Table 2 summarizes the results of linear regression and Bland-Altman analysis. There was a significant relationship between segmental MBF for the bLV and other locations (p < 0.001), with the variation in AoR-based MBF explained best by the model (R2 = 0.858; Fig. 3a). Results were similar for MPR, for which a significant relationship was found between bLV and other locations (p < 0.001) and AoR-based MPR provided the best fit (R2 = 0.760; Fig. 3b). However, AIF sampling in the AoR underestimated both MBF and MPR compared to bLV (bias − 0.193 mL/g/min and − 0.051 respectively; Fig. 3c–d).

Table 2 Linear regression and Bland-Altman analysis of segmental perfusion
Fig. 3
figure3

Linear regression for myocardial blood flow (MBF) (a) and myocardial perfusion reserve (MPR) (b) measurements between the aortic root (AoR) and the clinical reference basal left ventricle (bLV). Corresponding Bland-Altman plots are also shown (c and d respectively). The shaded areas show the 95 % confidence intervals (CI)

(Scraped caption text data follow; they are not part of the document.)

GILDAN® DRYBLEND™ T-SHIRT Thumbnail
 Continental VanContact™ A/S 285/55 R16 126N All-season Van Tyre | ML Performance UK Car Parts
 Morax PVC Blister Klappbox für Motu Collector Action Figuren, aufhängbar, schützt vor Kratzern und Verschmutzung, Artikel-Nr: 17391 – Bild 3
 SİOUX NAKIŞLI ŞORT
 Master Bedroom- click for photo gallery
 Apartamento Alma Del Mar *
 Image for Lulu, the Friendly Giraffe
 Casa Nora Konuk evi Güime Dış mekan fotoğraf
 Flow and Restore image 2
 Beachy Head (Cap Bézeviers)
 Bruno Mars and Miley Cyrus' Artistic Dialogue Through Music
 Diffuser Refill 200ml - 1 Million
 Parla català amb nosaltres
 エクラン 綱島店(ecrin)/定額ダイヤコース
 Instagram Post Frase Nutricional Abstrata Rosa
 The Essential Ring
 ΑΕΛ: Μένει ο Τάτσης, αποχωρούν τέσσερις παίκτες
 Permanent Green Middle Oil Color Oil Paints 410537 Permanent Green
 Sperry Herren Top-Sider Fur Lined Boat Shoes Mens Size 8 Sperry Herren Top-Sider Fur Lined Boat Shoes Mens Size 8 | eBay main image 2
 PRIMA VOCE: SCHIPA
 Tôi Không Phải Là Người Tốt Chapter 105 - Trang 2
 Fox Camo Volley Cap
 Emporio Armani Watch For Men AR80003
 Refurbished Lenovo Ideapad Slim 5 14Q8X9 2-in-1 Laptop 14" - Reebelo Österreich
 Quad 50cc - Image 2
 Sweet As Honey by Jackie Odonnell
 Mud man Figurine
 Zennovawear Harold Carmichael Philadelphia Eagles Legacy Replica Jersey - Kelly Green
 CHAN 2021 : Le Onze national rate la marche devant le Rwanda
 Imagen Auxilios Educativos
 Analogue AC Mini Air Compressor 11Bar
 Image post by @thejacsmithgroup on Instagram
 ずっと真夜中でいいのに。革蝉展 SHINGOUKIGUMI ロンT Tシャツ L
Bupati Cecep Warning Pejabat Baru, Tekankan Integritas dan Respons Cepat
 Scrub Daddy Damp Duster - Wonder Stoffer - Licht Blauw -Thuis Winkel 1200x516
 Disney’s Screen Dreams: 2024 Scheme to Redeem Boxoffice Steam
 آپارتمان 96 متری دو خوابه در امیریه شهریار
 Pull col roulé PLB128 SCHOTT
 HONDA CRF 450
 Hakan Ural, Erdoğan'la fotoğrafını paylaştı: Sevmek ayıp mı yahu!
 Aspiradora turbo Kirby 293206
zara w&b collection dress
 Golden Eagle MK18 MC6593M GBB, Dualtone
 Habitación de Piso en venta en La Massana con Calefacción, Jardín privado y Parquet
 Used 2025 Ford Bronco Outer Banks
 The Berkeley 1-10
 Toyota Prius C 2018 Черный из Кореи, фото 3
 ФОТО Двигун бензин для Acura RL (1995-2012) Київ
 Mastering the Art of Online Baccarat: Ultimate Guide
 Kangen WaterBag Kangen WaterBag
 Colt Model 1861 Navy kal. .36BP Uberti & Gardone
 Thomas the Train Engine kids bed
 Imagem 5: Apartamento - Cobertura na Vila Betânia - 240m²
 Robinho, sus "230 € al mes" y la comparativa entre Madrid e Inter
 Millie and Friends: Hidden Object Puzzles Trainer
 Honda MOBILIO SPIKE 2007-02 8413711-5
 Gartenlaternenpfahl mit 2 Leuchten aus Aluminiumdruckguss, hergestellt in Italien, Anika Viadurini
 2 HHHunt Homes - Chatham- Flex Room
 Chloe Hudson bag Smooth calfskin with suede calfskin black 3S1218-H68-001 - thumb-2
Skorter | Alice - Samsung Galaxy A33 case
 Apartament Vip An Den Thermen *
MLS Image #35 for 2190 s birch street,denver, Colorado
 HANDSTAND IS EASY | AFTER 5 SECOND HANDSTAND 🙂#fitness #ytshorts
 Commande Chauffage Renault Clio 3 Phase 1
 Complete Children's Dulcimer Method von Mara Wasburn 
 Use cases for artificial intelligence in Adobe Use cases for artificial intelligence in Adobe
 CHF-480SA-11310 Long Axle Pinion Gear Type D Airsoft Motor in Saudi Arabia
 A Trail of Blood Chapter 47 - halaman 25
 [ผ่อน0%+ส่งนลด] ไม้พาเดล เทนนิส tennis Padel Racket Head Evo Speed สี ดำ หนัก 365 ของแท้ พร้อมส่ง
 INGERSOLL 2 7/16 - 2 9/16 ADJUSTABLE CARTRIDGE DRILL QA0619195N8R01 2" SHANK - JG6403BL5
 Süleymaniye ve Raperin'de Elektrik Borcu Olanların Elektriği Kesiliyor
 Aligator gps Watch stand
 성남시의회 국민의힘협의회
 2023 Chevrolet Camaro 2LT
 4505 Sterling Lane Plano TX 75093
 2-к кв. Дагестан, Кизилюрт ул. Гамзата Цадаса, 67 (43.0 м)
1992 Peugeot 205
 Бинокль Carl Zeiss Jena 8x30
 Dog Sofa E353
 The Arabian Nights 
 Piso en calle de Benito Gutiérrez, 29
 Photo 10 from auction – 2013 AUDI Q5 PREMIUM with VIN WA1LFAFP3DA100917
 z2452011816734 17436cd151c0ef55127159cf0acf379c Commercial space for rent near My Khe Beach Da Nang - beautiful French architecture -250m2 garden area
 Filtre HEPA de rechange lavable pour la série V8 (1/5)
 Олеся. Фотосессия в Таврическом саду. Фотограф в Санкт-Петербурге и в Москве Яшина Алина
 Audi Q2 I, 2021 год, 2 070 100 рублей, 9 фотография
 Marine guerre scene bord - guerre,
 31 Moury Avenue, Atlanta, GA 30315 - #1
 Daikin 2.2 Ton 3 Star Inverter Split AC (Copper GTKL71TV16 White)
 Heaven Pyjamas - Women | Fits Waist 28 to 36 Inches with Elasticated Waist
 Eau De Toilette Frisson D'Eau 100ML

Diagnostic accuracy versus visual assessment

Figure 4 shows ROC curves for all AIF sampling locations and Table 3 summarizes their diagnostic performance. Stress MBF for the AoR was the most accurate predictor of segments with abnormal perfusion with sensitivity 80 %, specificity 85 % and AUC 0.90 [95 % confidence interval (CI): 0.87–0.93] (p < 0.001; p < 0.001 versus stress MBF for all other locations). For the bLV, a high sensitivity but a moderate specificity was measured (91 % and 63 % respectively; AUC 0.81 [95 % CI: 0.77–0.85], p < 0.001). Consequently, the optimal MBF cut-off to distinguish between normal and abnormal myocardium was found to be considerably higher for the bLV than for the AoR (2.63 versus 2.02 mL/g/min).

Fig. 4
figure4

Receiver operating characteristic (ROC) curves for detection of abnormal myocardial perfusion by stress myocardial blood flow (a) and myocardial perfusion reserve (b) for five arterial input sampling locations. aLV apical left ventricular level, AoR aortic root, bLV basal left ventricular level, LA left atrium, mLV mid left ventricular level  

Table 3 ROC analysis for detection of abnormal segments by stress MBF and MPR

MPR for the AoR detected inducible perfusion abnormalities with sensitivity 75 %, specificity 81 % and AUC 0.83 [95 % CI: 0.79–0.87] (p < 0.001; Fig. 4; Table 3). The diagnostic performance of bLV and AoR MPR was not significantly different (p = 0.717), but both were better than the worst-performing mLV (p < 0.001). When stress MBF and MPR ROC curves were compared, stress MBF for the AoR performed better than MPR for all LV locations (p < 0.01), however, stress MBF for the bLV was not superior to MPR for the same location or AoR (p = 1.000). In concordance with stress MBF, the optimal MPR cut-off to distinguish between normal and abnormal myocardium was larger for the bLV than for the AoR (2.25 versus 1.88 respectively). p-values for all pairwise comparisons can be found in Additional file 1: Tables S2, S3.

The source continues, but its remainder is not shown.